(Available records)

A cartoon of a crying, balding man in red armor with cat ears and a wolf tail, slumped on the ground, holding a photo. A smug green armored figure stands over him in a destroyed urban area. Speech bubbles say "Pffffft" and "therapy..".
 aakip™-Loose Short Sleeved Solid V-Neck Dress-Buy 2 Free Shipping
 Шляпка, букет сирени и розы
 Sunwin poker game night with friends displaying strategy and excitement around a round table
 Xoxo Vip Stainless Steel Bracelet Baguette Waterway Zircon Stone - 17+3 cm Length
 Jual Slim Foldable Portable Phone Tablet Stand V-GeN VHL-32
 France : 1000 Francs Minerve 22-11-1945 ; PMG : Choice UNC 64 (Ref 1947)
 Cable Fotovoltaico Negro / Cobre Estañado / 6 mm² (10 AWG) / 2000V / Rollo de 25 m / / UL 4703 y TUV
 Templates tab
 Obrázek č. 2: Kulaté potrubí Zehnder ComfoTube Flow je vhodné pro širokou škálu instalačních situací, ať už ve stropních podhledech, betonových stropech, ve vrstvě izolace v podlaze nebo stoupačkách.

(End Available records)

> [Task to complete]:
From the data above, output only the lines between the line containing "Sunwin poker game" and the line containing "Templates tab", inclusive, exactly as written.

> [Result]:
 Sunwin poker game night with friends displaying strategy and excitement around a round table
 Xoxo Vip Stainless Steel Bracelet Baguette Waterway Zircon Stone - 17+3 cm Length
 Jual Slim Foldable Portable Phone Tablet Stand V-GeN VHL-32
 France : 1000 Francs Minerve 22-11-1945 ; PMG : Choice UNC 64 (Ref 1947)
 Cable Fotovoltaico Negro / Cobre Estañado / 6 mm² (10 AWG) / 2000V / Rollo de 25 m / / UL 4703 y TUV
 Templates tab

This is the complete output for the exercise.